*** Opening STORED DATA ***

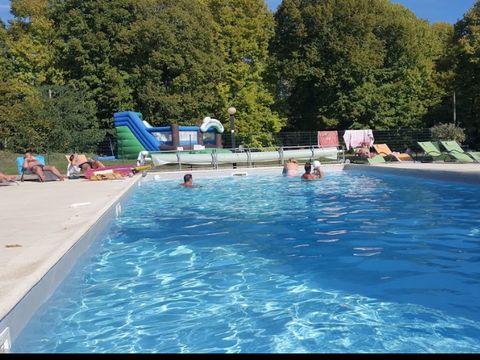 Camping Le Petit Trianon  - Camping Vienne - Image N°9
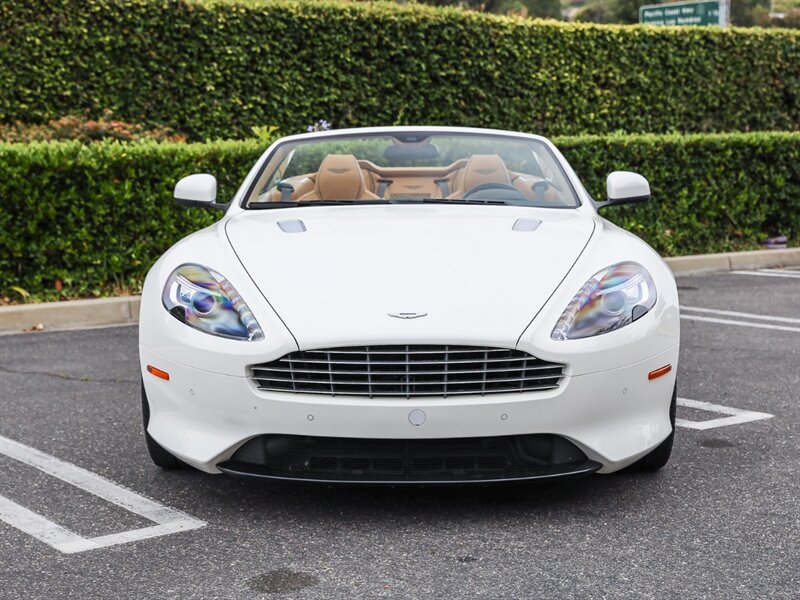 Used 2016 Aston Martin DB9 GT RWD image 3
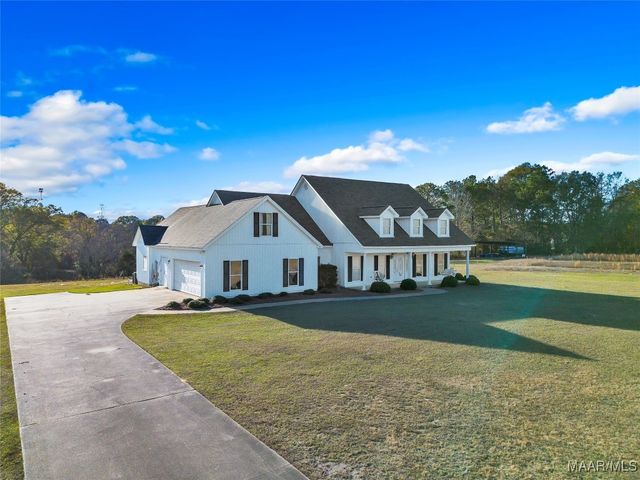 418 Flatwood Spur, Wetumpka, AL 36092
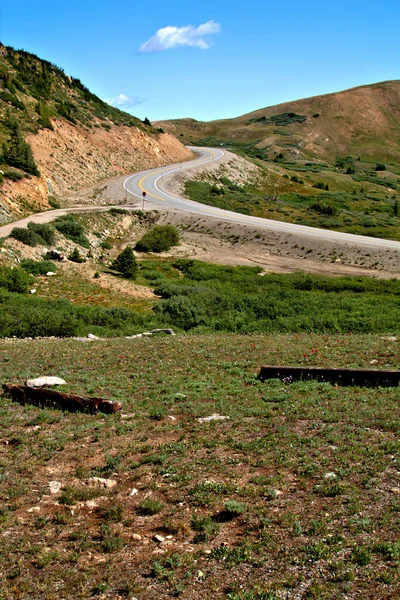 Curvas Estrada Descendo Passo Montanha — Fotografia de Stock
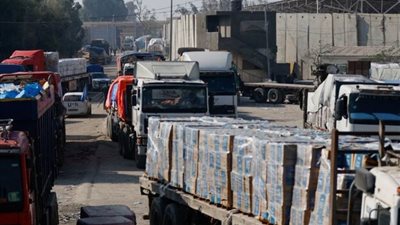انخفاض المساعدات من المعابر لغزة بأكثر من النصف منذ مايو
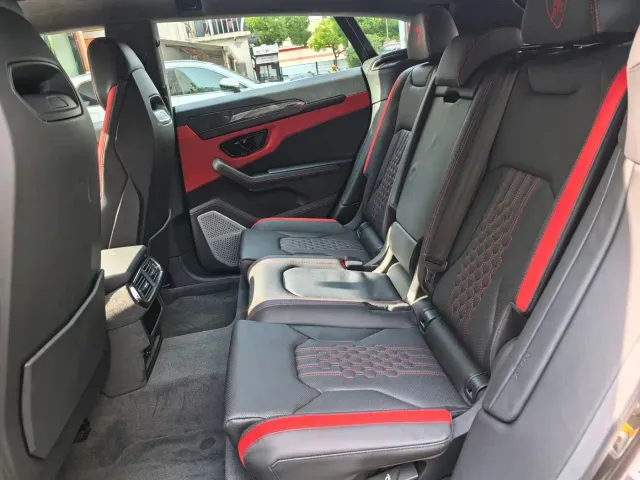 Lamborghini Urus — Фото автомобиля 3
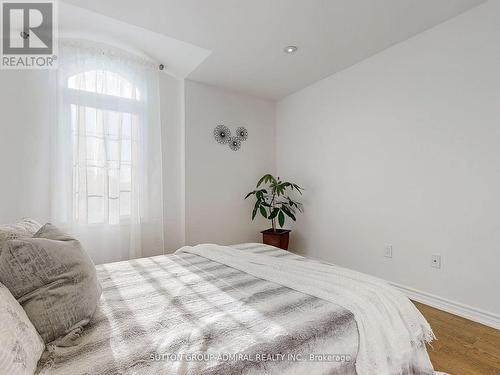 1265 Mary-Lou Street, Innisfil, ON - Indoor Photo Showing Bedroom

*** Closing STORED DATA ***

PROBLEM TO WORK ON = Write out, exactly and with nothing added, every line from the one that holds "Curvas Estrada Descendo" to the end of the entries above; pictures stay out.

TASK SOLUTION =
 Curvas Estrada Descendo Passo Montanha — Fotografia de Stock
انخفاض المساعدات من المعابر لغزة بأكثر من النصف منذ مايو
 Lamborghini Urus — Фото автомобиля 3
 1265 Mary-Lou Street, Innisfil, ON - Indoor Photo Showing Bedroom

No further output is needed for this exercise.